This very nice SKX007 heading down from the sunshine state.


----------



## yankeexpress (Apr 7, 2013)

Monday Postal deliveries are usually fun due to the stack up of stuff over the weekend, but today was particularly special due to the extreme generosity of a European WUS member who did the legwork needed to obtain these 3 Gigandet G2 subs that Amazon and the German dealer refuse to ship to North America, and are not available otherwise to my knowledge.

My good friend ordered them locally, then packaged them so as not to attract customs duty and carefully shipped them to me. I owe a favor big time!

Gigandet G2 subs, models 07, 08 and 019










Two of them came with OEM bracelets, but I'm still deciding what straps to attach them to, as they just arrived.


----------



## Aitch (Oct 13, 2012)

Aitch said:


> Also should be getting a Parnis submariner homage today, and eventually some different hands and a dial from raffle.s....


Arrived!










Bezel alignment is off 1/2 a minute though. DRAT!

(although looking at the seller's photo, it seems to be mis-aligned there too!)


----------



## Oilers Fan (Jan 19, 2011)

yankeexpress said:


> MTD-1048 Super Illuminator. Gonna have to keep this on the OEM folded-link bracelet due to the narrow 11mm lug width. Oh well, no leather in this bright flashlight.


Where can I find one of these?


----------



## yankeexpress (Apr 7, 2013)

Oilers Fan said:


> Where can I find one of these?


This one is NOS along with the 104 I posted earlier from f/29 sales forum member in Croatia. He may have another.

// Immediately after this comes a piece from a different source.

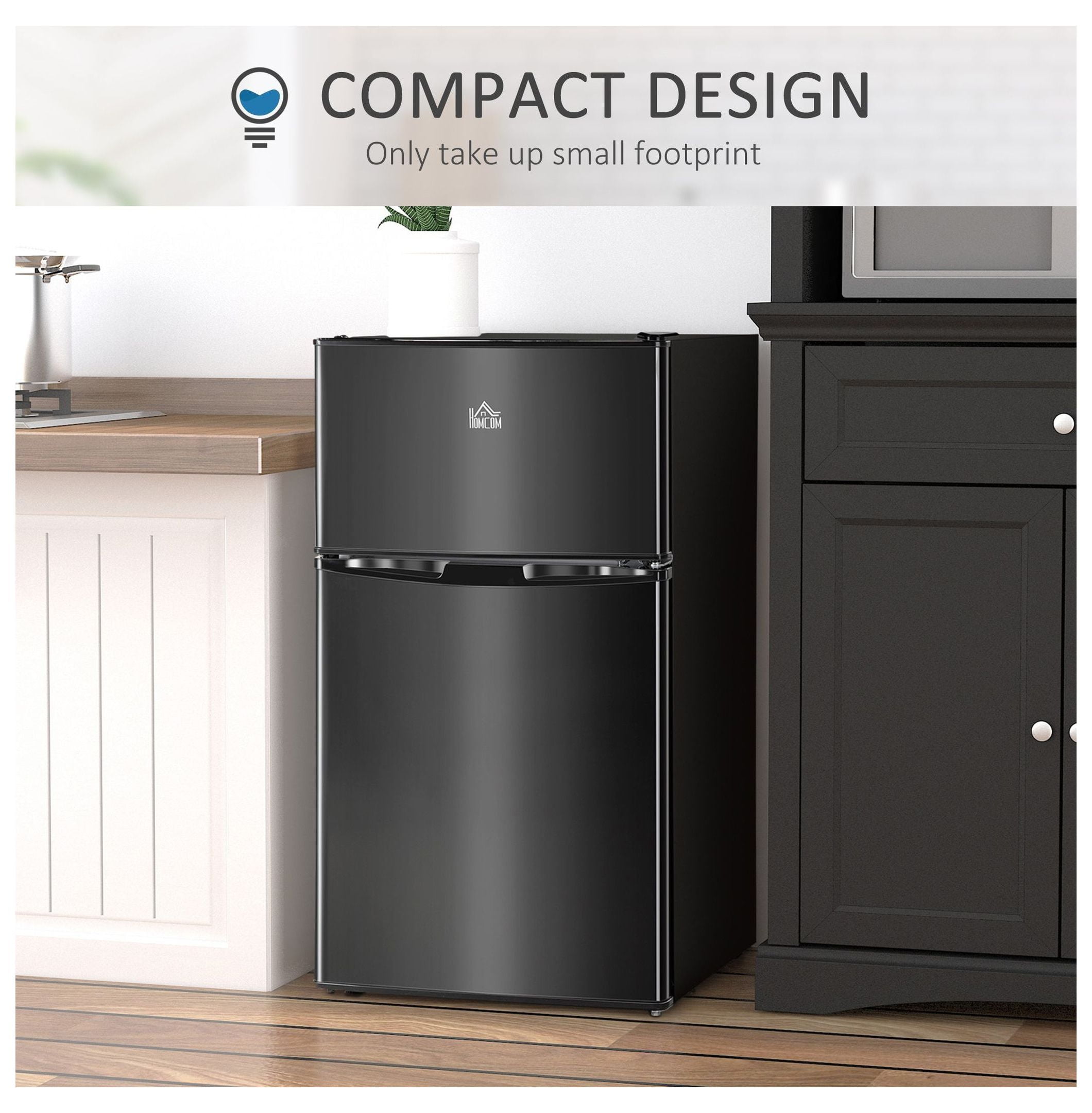 3.2 Cu.Ft Mini Fridge with Freezer - Double Door Refrigerator Adjustable Thermostat Reversible Door Black - Dorm, Apartment, Bedroom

https://www.watchuseek.com/f29/fs-c...r-mtd-1048-rare-discontinued-nib-1092945.html


----------



## yankeexpress (Apr 7, 2013)

Root Beer G2-019, Miyota non-hacking movement


----------



## yankeexpress (Apr 7, 2013)

Gigandet G2-08, Miyota non-hacking movement


----------



## yankeexpress (Apr 7, 2013)

f/29 snag


----------



## GoJoshGo (Dec 18, 2013)

Seems like an homage theme today. Afraid I'll be contributing to it...









Only with a black bezel insert.


----------



## RAM75 (Mar 3, 2013)

I came back from a trip to the mountains and this showed up.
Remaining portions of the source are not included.